I know I’ve already posted this but I drove You You’s in Kingston last week for about 10 minutes. Prior to this I sat in every seat and got to play with the UI a bit while it charged. -17 C but totally worth it. Very responsive, great steering and handling. Acceleration is instantaneous unlike the slight lag with ice. Great forward visibility, best I have experienced, with mediocre center rear view mirror due to the narrow rear greenhouse and high trunk. Loved the seats. Very comfortable. Terrific to have had the opportunity to actually drive it. Now like JWardell the wait is going to be intolerable


----------



## 3’sterly

You You's nearing mandatory chain up area before Snoqualmie Pass. Check out the hiway cameras here. Wish him luck. 
http://www.wsdot.com/traffic/passes/snoqualmie/default.aspx


----------



## Mad Hungarian

He made it through the pass!
Cruising through Seattle now.
Next stop: 1010tires.com in Richmond BC to make his set of Fast Wheels whole again.


----------



## MelindaV

3'sterly said:


> You You's nearing mandatory chain up area before Snoqualmie Pass. Check out the hiway cameras here. Wish him luck.
> http://www.wsdot.com/traffic/passes/snoqualmie/default.aspx


and bragging about going thru there without chains. video on FB shows passing others right and left and going way too fast for the conditions - essentially who I see making jackass moves like that when it snows here and see in a ditch a little further down the road. It is quite amazing to me the car appears to be (relatively) still in one piece.


----------



## dogfood

He cut off the video about 4 miles from my house. It's been raining like that all day. 

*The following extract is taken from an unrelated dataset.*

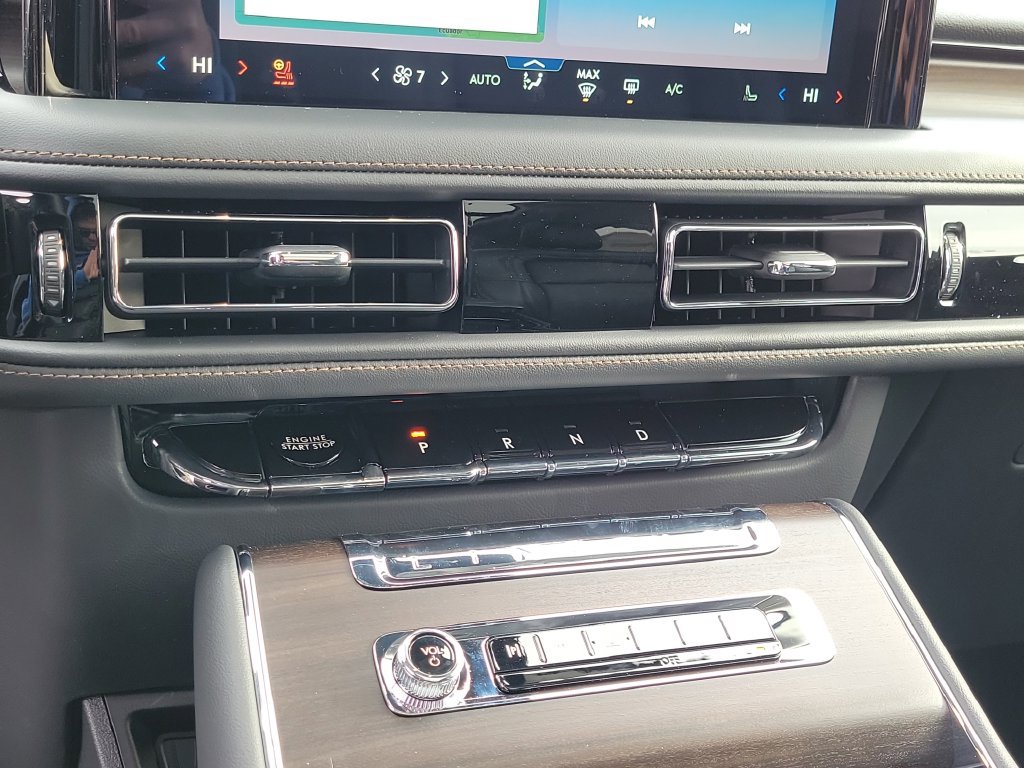 New 2026 Lincoln Aviator Reserve w/ Illumination Package AWD/4WD image 28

I can't believe he made it across there like that without interesting the odd State Trooper.


----------



## oey192

I drove up to the Burlington, WA Supercharger to meet You You last night. It was my second time seeing a Model 3 in person (the first time was just passing by in downtown Seattle) and I have to agree that from certain angles it does look better in person than in pictures. However, from most angles it looks the same in-person as it does in photos, at least to me. I've always thought the car looked nice from the photos so this doesn't bother me, but I'm guessing if you don't quite like the look in photos you'll like it better in person. Seeing it move, even if only a few times, was very exciting. It definitely looks nimble when on the move (in addition to the feeling of nimbleness others have reported).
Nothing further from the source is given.